Installation des Delay-Plug-ins
Ohm Force Ohmboys Infinity ist ein 2-facher Delays-Effekt mit acht Tap-Lines und vier Macros. Das Plug-in gibt es als VST3, AudioUnit und AAX für macOS und Windows. Autorisiert wird das Plug-in über eine Seriennummer, die bei der Installation eingegeben wird und das war’s dann auch schon. Die Seriennummer wird per E-Mail zugesandt.
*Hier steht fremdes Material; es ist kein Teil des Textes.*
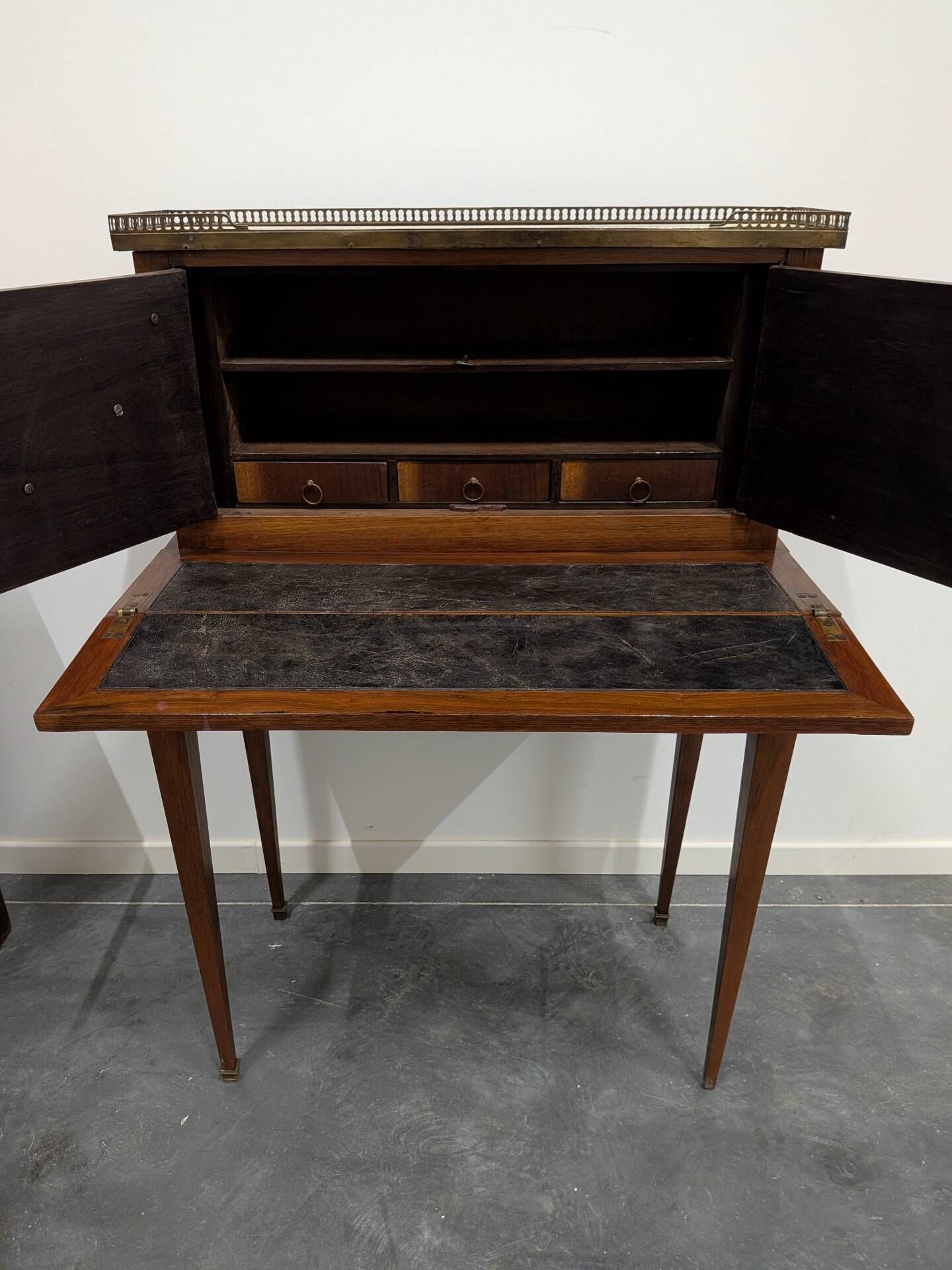 Antique Louis XVI bonheur-du-jour in marquetry and brass – Circa 1900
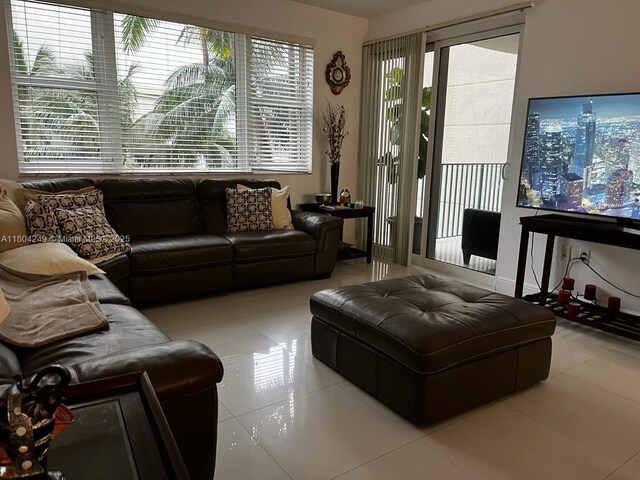 19900 E Country Club Dr Unit 218, Aventura, FL 33180 - photo 3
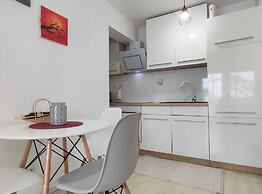 Comfortable Crikvenica Apartment With Terrace and Wifi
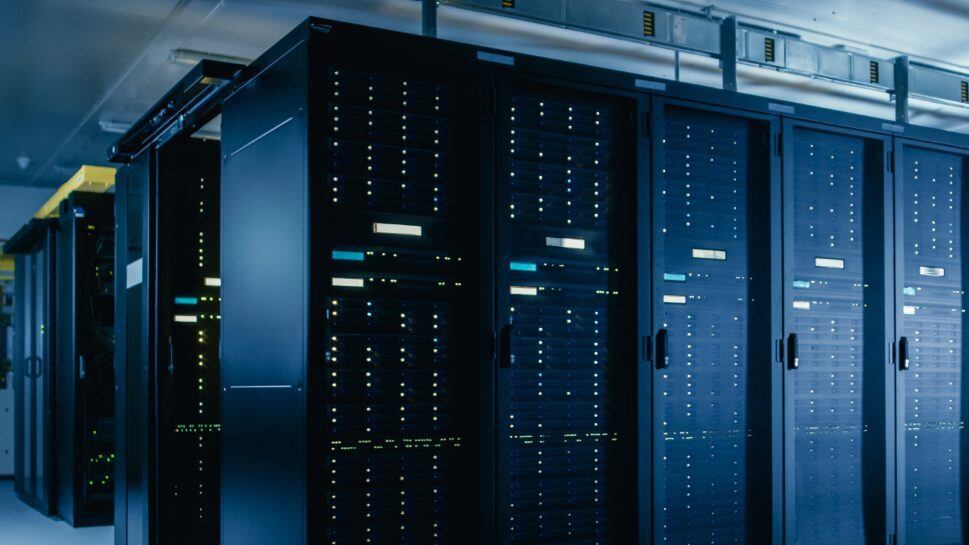 Ma quanto beve questa AI? Polemiche sui data-center tra acqua, elettricità e bollette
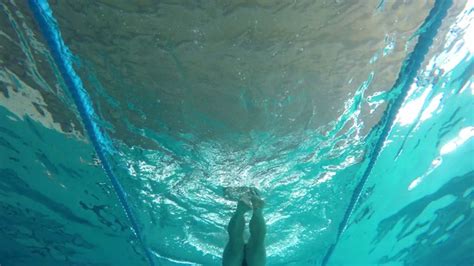 中年白人男子在水里游泳，在西班牙帕拉莫斯的游泳池里视频素材_ID:VCG42N1143017953-VCG.COM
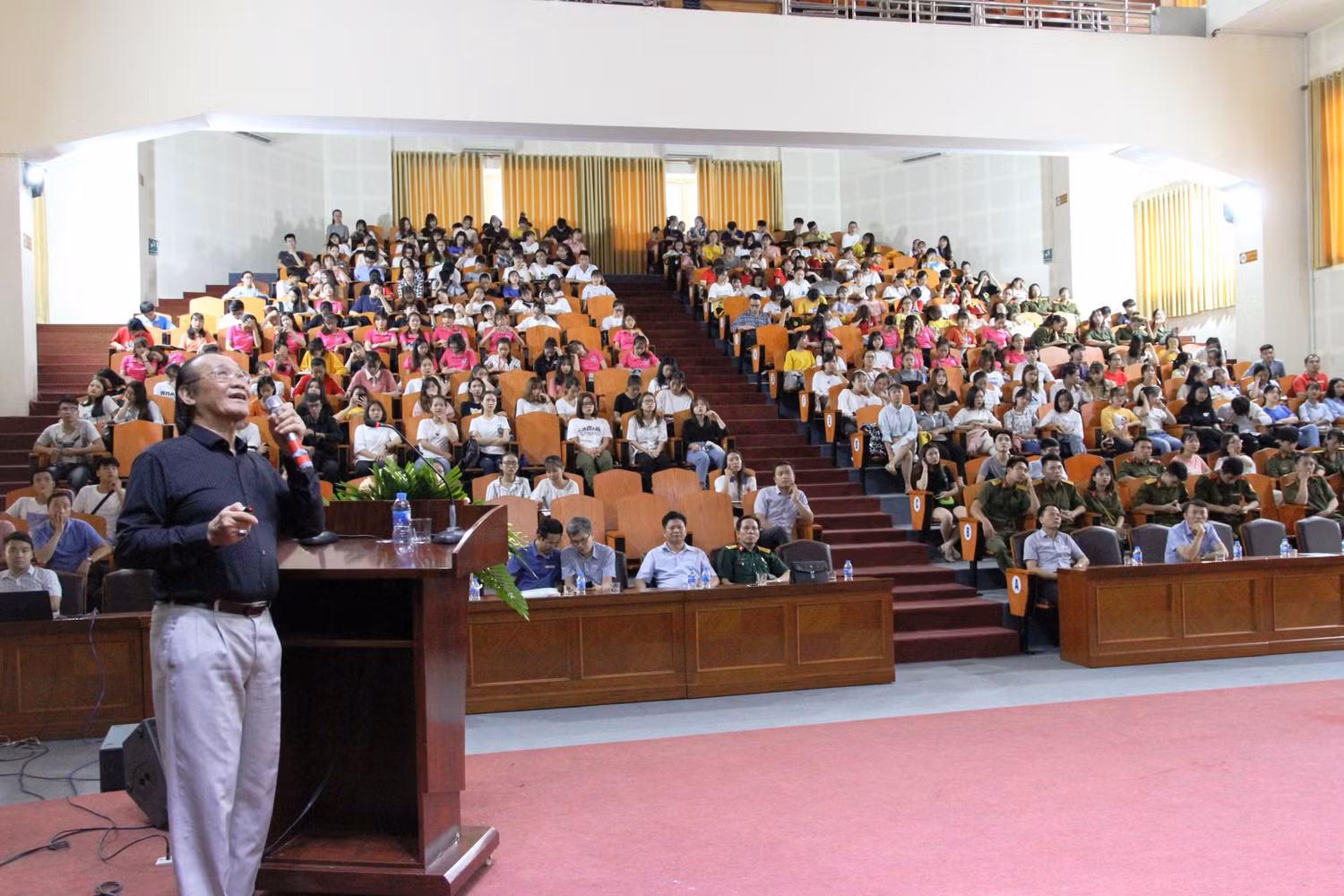 Cả hội trường 14/8 Trường Đại học Sư phạm Hà Nội 2 lắng nghe những thông tin rất bổ ích của Tiến sĩ Trần Công Trục.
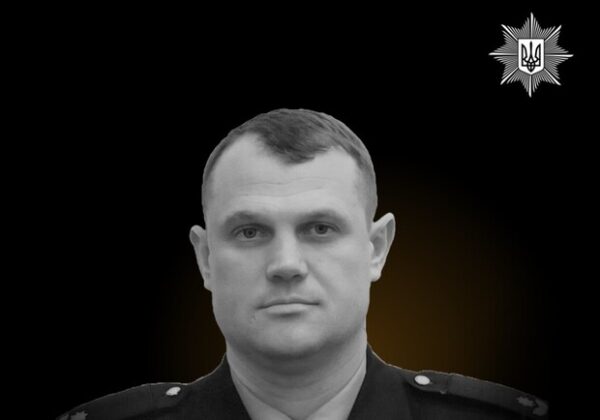 Погиб на востоке Украины: в Одессе простились с полицейским Николаем Яковенко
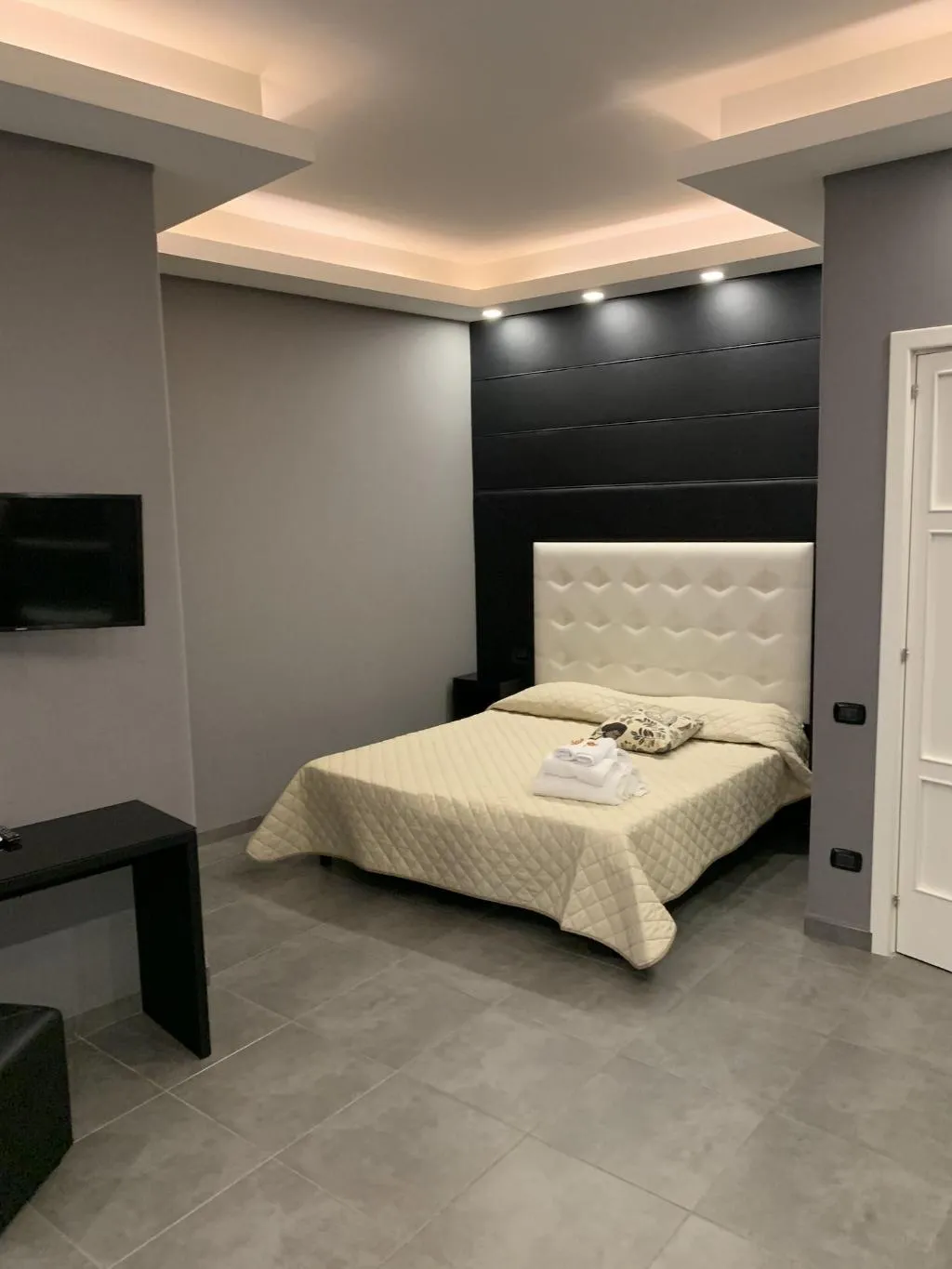 Room, Royal Art House H Duomo (Albergo diffuso), Naples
Der Preis von 99,- Euro ist zwar nicht gering, bewegt sich aber im normalen Rahmen.
Aufbau des Ohmboys Infinity Plug-ins
Nachdem das Eingangssignal die globale Meta-Column mit Eingangslautstärke, Effektanteil, Hüllkurvensensitivität und finale Ausgangslautstärke passiert hat, gelang es in die Taps (zu den vier Makroreglern kommen wir später).
Die Taps sind der einzige Punkt des Plug-ins, der nicht wirklich selbsterklärend ist. Zunächst einmal sind die Taps in Stereo ausgeführt. Aktiviert wird ein Tap, indem der GAIN-Regler eingestellt wird, was einen Tap-Balken im Display erzeugt, der dann im Zeitfenster platziert werden kann. Die Links/Rechts-Ausgänge des Taps können bei Bedarf über das kleine Rad auch getrimmt werden, bevor es dann in die beiden Delay-Lines geht, die im übrigen mono sind. Über den PAN-Regler im Tap-Panel wird dann eingestellt, in welche Delay-Line der Tap geroutet wird.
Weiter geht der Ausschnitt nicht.